Renzi dice in sostanza che il
«governo di responsabilità nazionale» si può fare solo se ci stanno
tutti, o almeno Berlusconi; altrimenti si va a votare. E siccome nessun
partito avrà la maggioranza in entrambe le Camere, comincerà una nuova
stagione di larghe intese contro Grillo; e non è affatto detto che
«l’animale ferito» Renzi, come lo definisce un bersaniano, sia l’uomo
adatto per guidarle.
Matteo Richetti e Simona Bonafé, renziani
antemarcia che nei giorni difficili sono tornati al suo fianco, gli
hanno consigliato di dar retta a «San Mattarella», come lo chiamano
senza ironia: votare subito converrebbe; ma non si può.
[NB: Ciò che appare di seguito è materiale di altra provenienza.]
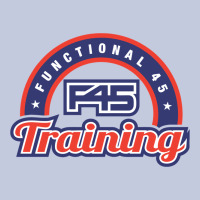 Official F45 Training Long Sleeve Tee | Teevron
Fassino ha
tentato di placarlo suggerendogli un Renzi bis, almeno sino al 24
gennaio: se la sentenza della Consulta sarà autoapplicativa, si potrà
andare subito alle urne; altrimenti ci si prende un altro mese per fare
la legge elettorale. In tal caso i ministri potrebbero restare, tranne
quelli che si sono più esposti: la Boschi sul referendum, la Madia sulla
riforma bocciata dalla Corte, la Giannini non molto amata dagli
insegnanti. Ma il segretario vorrebbe segnare la massima discontinuità:
fuori tutti, tranne Padoan.
«Si parla, si vota, si decide qui
dentro, in direzione» quasi grida Renzi, che sa di non poter più contare
sui gruppi parlamentari. Il dibattito è rinviato ma Walter Tocci del No
vuole parlare lo stesso, Paola Concia gli urla di smettere: «Anche io
volevo intervenire, sono venuta apposta da Francoforte, ma Matteo ha
detto che non è il momento!». Il parlamentare europeo Daniele Viotti,
anche lui gay dichiarato, si schiera in difesa di Tocci, la senatrice ex
civatiana Lucrezia Ricchiuti la appoggia, la Concia renzianissima si
avventa; per tenerla ferma deve muoversi la Boschi, aiutata dal galante
Pino Catizone, per vent’anni sindaco di Nichelino. Renzi è già al
Quirinale: dimissioni, ma congelate. Quinto giorno.